Substantial variation among the phenolic acid and tanshinone components was observed under the control and drought stress conditions with the chitosan treatments. The results of the HPLC analysis are presented in Table 3. Five phenolic compounds: apigenin, caffeic acid, chlorogenic acid gallic acid, and rosmarinic acid, and three tanshinones: OH-CT, CT, and T-IIA, were identified using HPLC in the roots and leaves. In the present study, different responses were observed for S. abrotanoides and S. yangii in terms of the chitosan treatments and stress and non-stress conditions. As seen in Table 3, the T-IIA content ranged from 0.45 to 1.75 mg/g DW in S.yangii and from 0.27 to 1.12 mg/g DW in S. abrotanoides. The highest amount of T-IIA was recorded in S. yangii under severe stress with 0 mg of L⁻¹ foliar chitosan.

The application of foliar chitosan at 100 and 200 mg L⁻¹ under well-watered and mild stress conditions led to increases in the OH-CT and CT contents in both species. Interestingly, a different response was observed in the two species studied under severe stress in relation to the foliar application. Under severe drought stress, S. yangii showed high levels of OH-CT and CT with an increasing chitosan concentration, whereas the trend for S. abrotanoides was quite inversed (Table 3). Under severe drought stress, the main compounds of S. abrotanoides, such as CT (1.277 mg/g DW), were increased without foliar chitosan usage, whereas this component decreased under the chitosan treatments (100 and 200 mg L⁻¹).
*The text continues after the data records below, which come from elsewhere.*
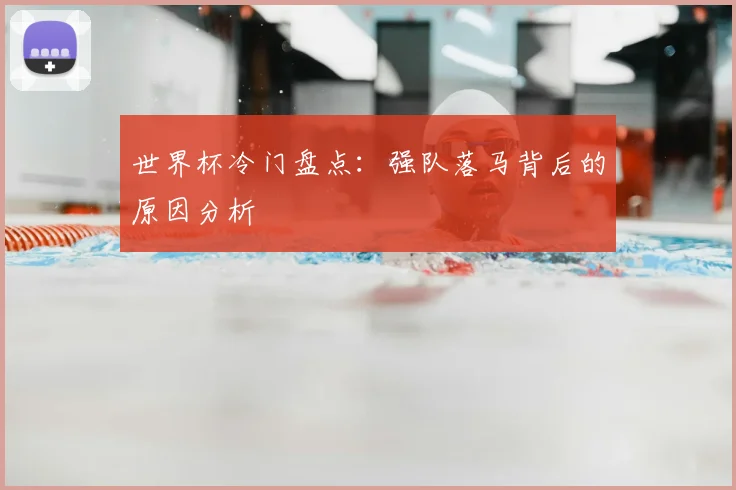 世界杯冷门盘点:强队落马背后的原因分析
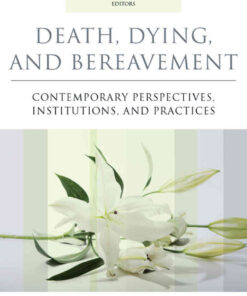 Death, Dying, and Bereavement: Contemporary Perspectives, Institutions, and Practices, 1st Edition eBook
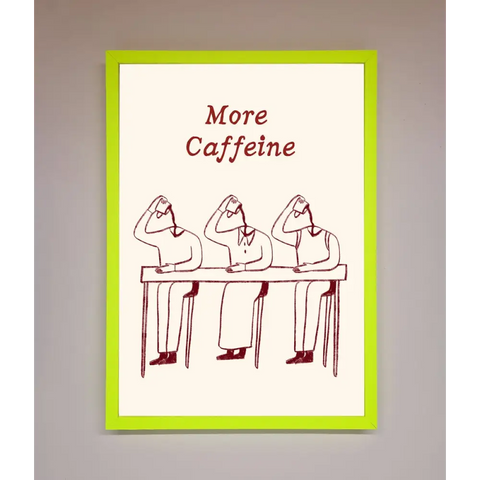 More Caffeine Framed Wall Art - B0 (100 x 141 cm) / Neon Green - Framed Print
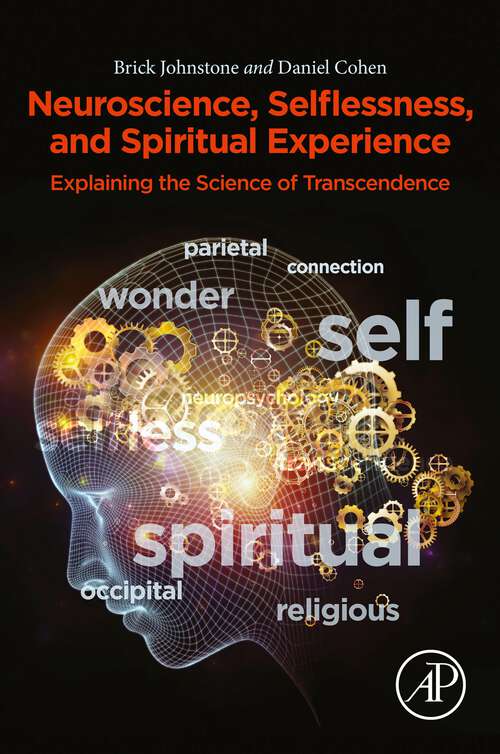 Book cover of Neuroscience, Selflessness, and Spiritual Experience: Explaining the Science of Transcendence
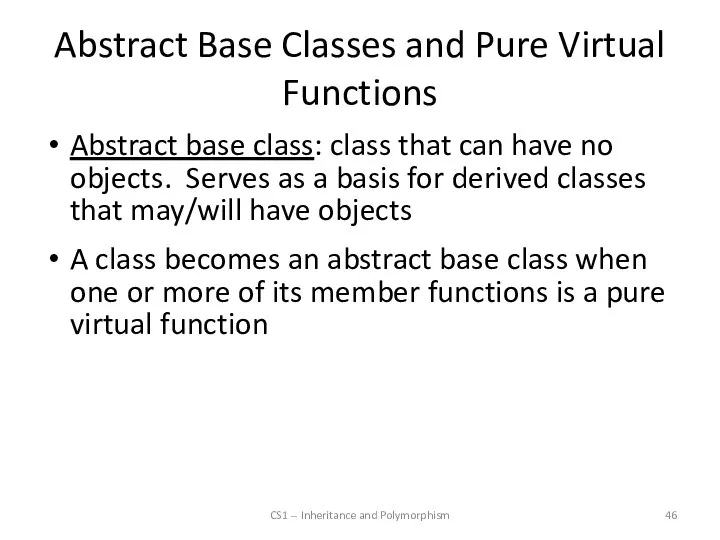 Abstract Base Classes and Pure Virtual Functions Abstract base class: class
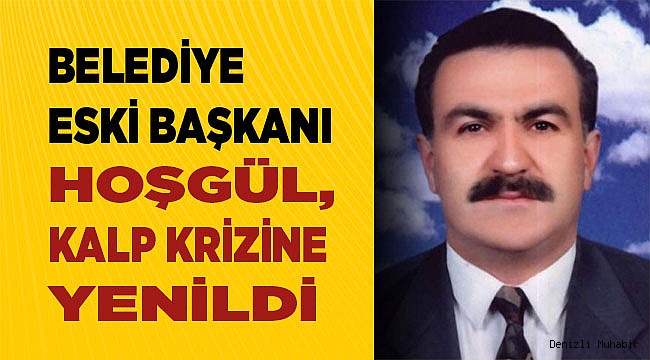 Çal’ın eski başkanı Hoşgül, hayatını kaybetti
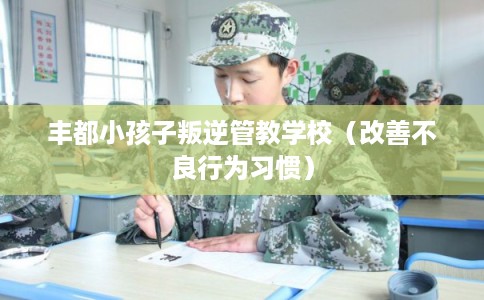 丰都小孩子叛逆管教学校(改善不良行为习惯) 丰都小孩子叛逆管教学校(改善不良行为习惯)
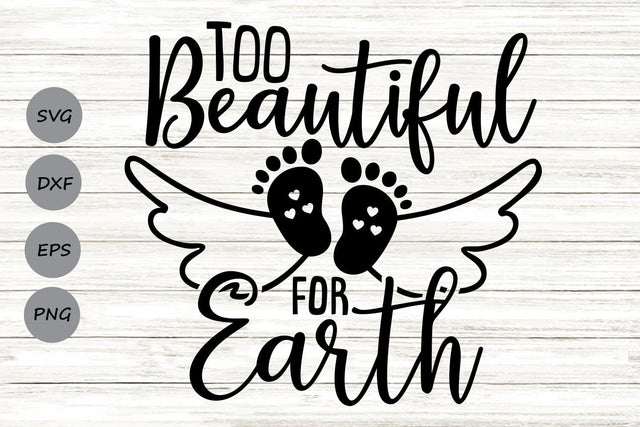 Too Beautiful For Earth| Baby Memorial SVG Cutting Files. SVG CosmosFineArt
The rosmarinic acid content in the leaves ranged from 0.038 mg/g DW in S. yangii under 100 mg L⁻¹ of foliar chitosan application and severe stress to 11.43 mg/g DW in S. abrotanoides under control conditions with 100 mg L⁻¹ of chitosan foliar application (Table 3). The same trend was observed in the roots.

2.1.5. Principle Component Analysis (PCA)

Accordingly, PC₁ explained 28.34% of the total variance in the dataset, whereas the second PC (PC₂) showed 23.43% of the variance (Figure 1). The PC₁ had a positive correlation for the rosmarinic acid in leaves, rosmarinic acid in roots, TPCleaf, TPCroot, TFCleaf, and TFCroot, as well as negative loading for the TTC, T-IIA, OH-CT, and CT components. The PC₂ was positively correlated with all the mentioned traits except TPCleaf.

2.1.6. Gene Expression

The 4CL and TAT genes’ expression levels were determined because of their involvement in the phenolic acid biosynthetic pathways (Figure 2). The expression levels of all the studied genes were noticeably induced by the chitosan foliar application and drought stress. Regarding the phenylpropanoid pathway, the 4CL expression levels of 4CL reached their maxima (7.14-fold) with the foliar application of chitosan (200 mg L⁻¹) under well-watered conditions in S. abrotanoides, whereas the TAT expression increased 8.62-fold with the chitosan treatment (100 mg L⁻¹) under moderate drought stress in comparison to the control samples. Furthermore, these changes in the TAT expression under drought stress were much higher in S. yangii than in S. abrotanoides (Figure 2). Shabani et al. showed that the TAT expression in Melissa officinalis was enhanced at all concentrations (50, 100, and 150 mg L⁻¹) of chitosan compared to that under control conditions [26].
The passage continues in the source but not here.